LOCAL GIRL CONTINUES CANCER RECOVERY
Savannah Marlow, a 5-year-old girl who was diagnosed with a form of cancer called medulloblastoma last year, continues to fight. If she clears each MRI in the next 5 years, she will be 10 years old when she is essentially cured.
The family first noticed something was wrong back in October 2015, when Savannah was losing her balance, having headaches and falling down more often. Savannah was taken to a specialist, and a tumor 4 cm in diameter was discovered on the back of her brain in the cerebellum. She went into surgery the next day to remove the tumor. After the surgery, she underwent proton therapy in Boston for several weeks, and upon returning to Middle Tennessee, she underwent chemotherapy treatment through April. “Her outlook from here out is positive,” said Savannah’s father. “We go to have a cerebrospinal MRI once every three months for the next five years. If she remains clear each time, after five years, she’s basically cured. That’s what we’re believing and looking forward to. Until then, it’s a daily trusting walk of faith.” According to her family, Savannah’s schedule was packed lately: they recently returned from a 26-days Make-A-Wish Foundation trip overseas, Savannah continues in therapy, and July 28, she will turn 6 years old. “Savannah continues to go to therapy, and she is slowly, slowly improving in speech and coordination,” her dad said. The family remains inspired by the support from the community and the generosity of others. For more information about Savannah’s journey, visit facebook.com/savannahsfaith.
PROTON THERAPY AVAILABLE IN THE UK
The UK’s first proton therapy machine will soon be up and running at The Christie Hospital, meaning sick children will get access to urgent treatment without having to travel to the USA.
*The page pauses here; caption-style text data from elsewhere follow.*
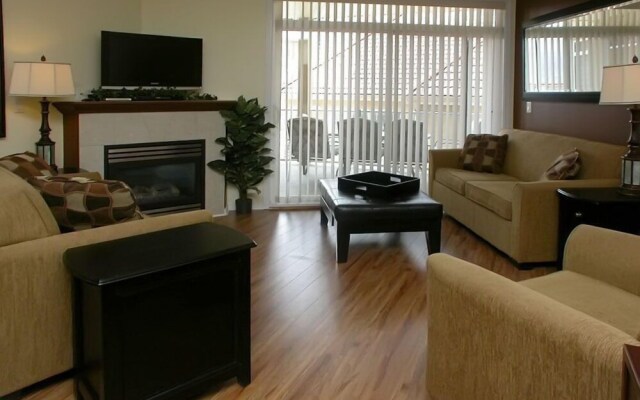 Discovery Bay Resort by KVR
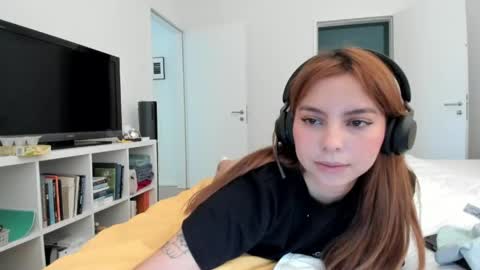 Lola doll online show from 04-12-26, 11:15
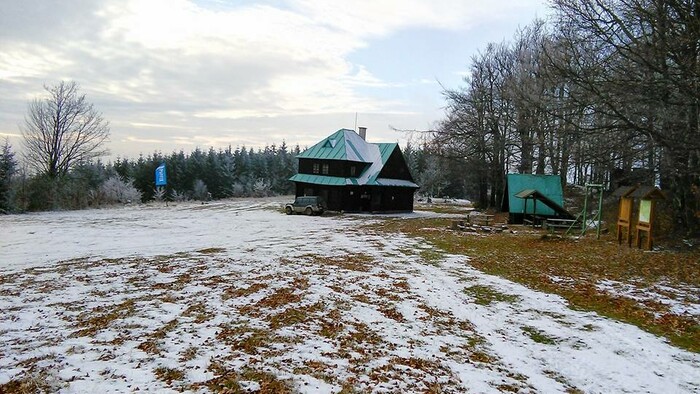 Výlet na chatu Baske, ktorá je jedinou vrcholovou chatou v Strážovských vrchoch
Soon, families in Greater Manchester won’t have to travel thousands of miles to give their little ones a fighting chance, as the UK’s first proton therapy machine will soon be up and running at The Christie Hospital. The unit, which weighs 90-tonnes, was lowered into place this week. It is the first of its kind in the UK and will be used to treat patients of all ages. It delivers a specialist form of radiotherapy which has been offered to NHS patients overseas in the US and Switzerland. Its arrival at the Withington cancer research center means that from August 2018, NHS patients will receive treatment in the UK for the first time. Youngsters Lucy Thomas and Emma Payton, who received proton treatments overseas and are in recovery, were invited to The Christie to start work to move the cyclotron into position. Their families shared their courageous stories after they were forced to ‘uproot their lives’, and told how the new piece of kit could have helped them in their desperate time of need. Lucy, from Ramsbottom, was just 6 when she was diagnosed with rhabdomyosarcoma, and after numerous gruelling rounds of chemotherapy and radiotherapy, doctors told her proton therapy was needed, which was only offered thousands of miles away in Oklahoma in the US at the time. Emma Payton, who was just 8 when she was diagnosed with a rare form of cancer in her cheek, also spent weeks with her family in Oklahoma as she received proton therapy. Her dad Phil said having the same treatment on offer at The Christie was ‘amazing’: “It’s a difficult time. You are already dealing with the fact that your child has cancer, and to have anything that alleviates those worries, is amazing. This is amazing.”